SUPPLIED DATA —
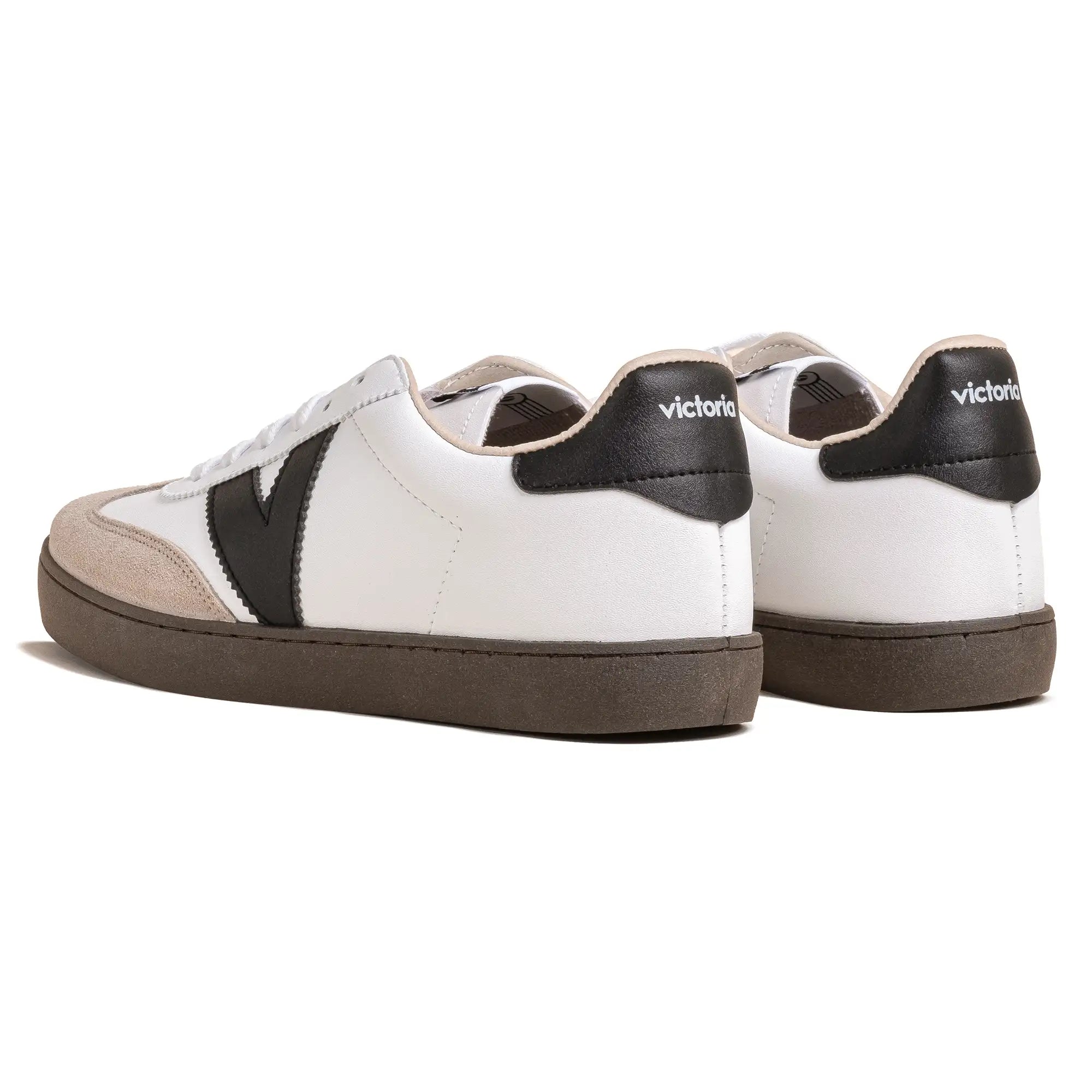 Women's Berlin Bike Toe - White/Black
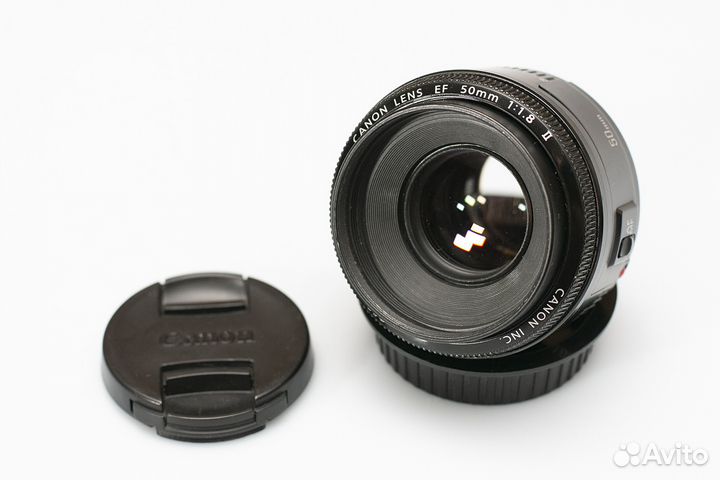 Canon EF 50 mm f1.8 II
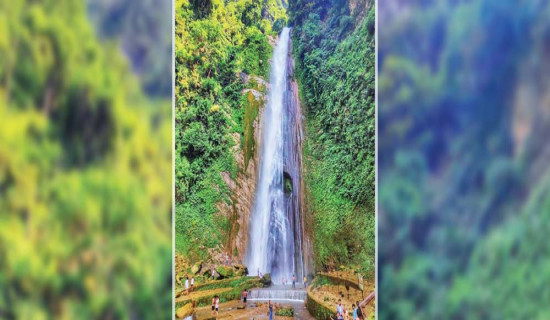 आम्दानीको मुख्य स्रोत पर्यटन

THE PROBLEM —
Nothing but the text is wanted: repeat the data above exactly, without its images.

REPLY —
 Women's Berlin Bike Toe - White/Black
 Canon EF 50 mm f1.8 II
 आम्दानीको मुख्य स्रोत पर्यटन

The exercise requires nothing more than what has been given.